Welcome to the second thread of the 50 Book Challenge for this year.

The challenge is to read fifty books (or more!) in 2018, though reading fifty isn't mandatory. Any type of book can count, it’s not too late to join, and please try to let us all know your thoughts on what you've read.

The first thread of the year is here.

What are you reading?

OP posts:
ScribblyGum · 03/02/2018 12:41
  1. The Spaceman of Bohemia by Jaroslav Kalfar

Jakub Procházka, The Czech Republic’s first astronaut is sent on a solo mission to investigate the Chopra cloud surrounding Venus, a phenomenon that has turned the night sky purple. Whilst on board he encounters Hanuš, (a possibly hallucinatory) giant alien arachnid with a penchant for Nutella and philosophy. Jakob also uses the time aboard to contemplate his deterioraing relationship with his wife, and his childhood memories of being raised by his grandparents and his father, a brutal communist informer.

Sounds crap right?
It’s not. It’s a great book, part Robinsonade but with elements of politics during and following the fall of communism , family responsibilities, ambition and its consequences on relationships, and finding your purpose in life. It’s certainly different and I don’t think I can really liken it to anything I’ve read before. A good read and something completely and marvellously different from all the historical fiction I’ve been reading of late.

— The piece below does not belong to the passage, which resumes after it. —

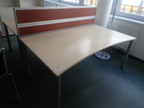 BENE Schreibtisch geschwungen, ca. L 180 x B 90 - 100 cm mit Rückwand BENE Schreibtisch geschwungen, ca. L 180 x B 90 - 100 cm mit Rückwand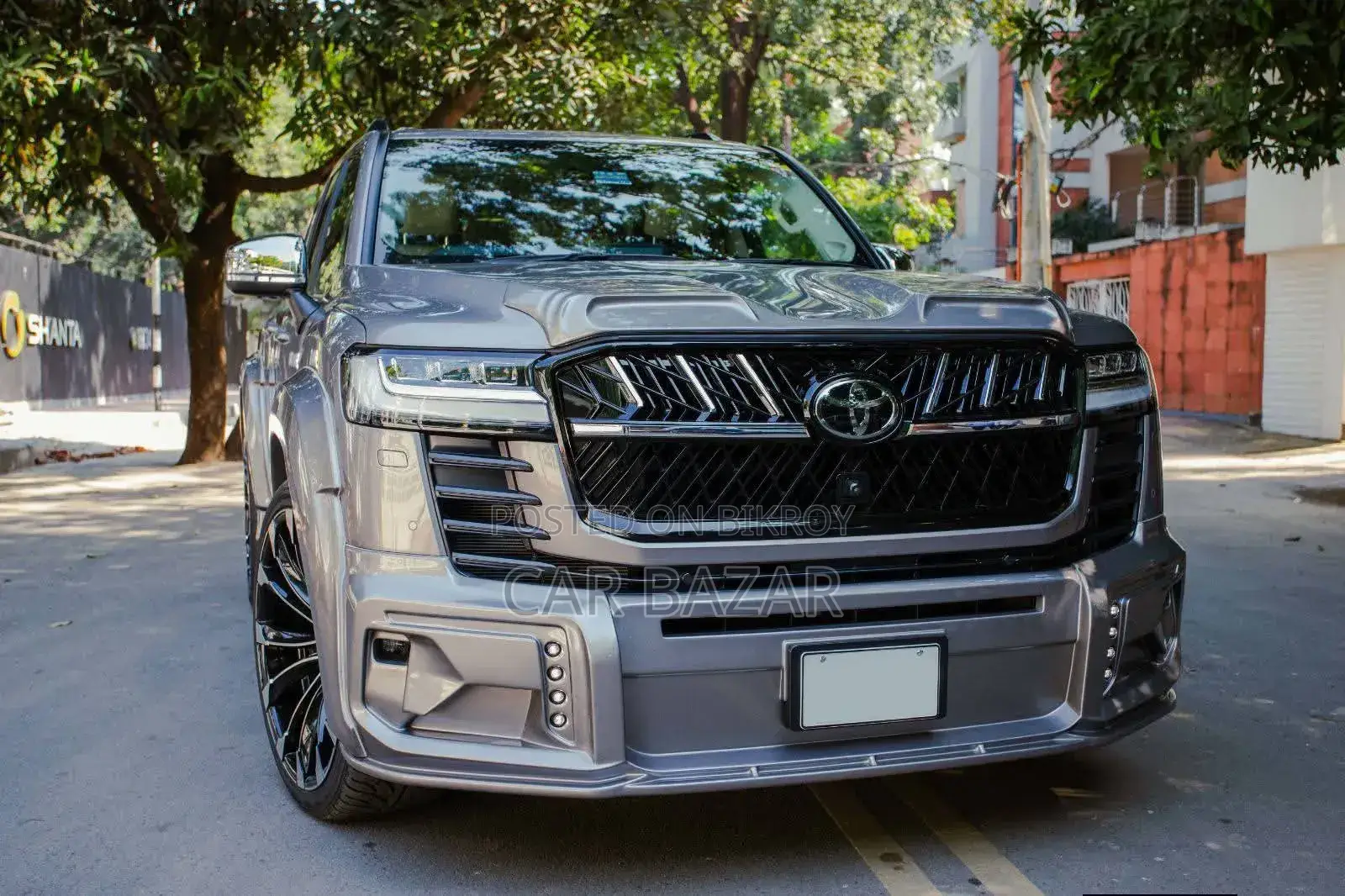 Toyota Land Cruiser 2023 Brown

AliasGrape · 03/02/2018 13:04
  1. Career of Evil Robert Galbraith- I enjoy this series though this third was possibly my least favourite of the 3 so far, still tore through it at a pace and looking forward to the 4th.
ChessieFL · 03/02/2018 13:21
  1. The Outcasts of Time by Ian Mortimer

Fiction by the author of the Time Traveller’s Guide series mentioned a few posts ago. This features brothers in the 1300s who are suffering from the plague, and who are told by an unearthly voice that they have 6 days to live and will live each of those days 99 years later - so they wake up in 1447, then 1546 and so on to 1942. Brilliant idea and I liked the description of the different time periods and how things had changed (e.g. the introduction of clocks and windows), but Mortimer didn’t make enough of the plot - in one time period they spent the whole day in someone’s house rather then getting out and about seeing things. There’s also a lot of talk about religion - obviously religion is going to get a mention but it was overkill here. I did like it but not as much as I hoped to.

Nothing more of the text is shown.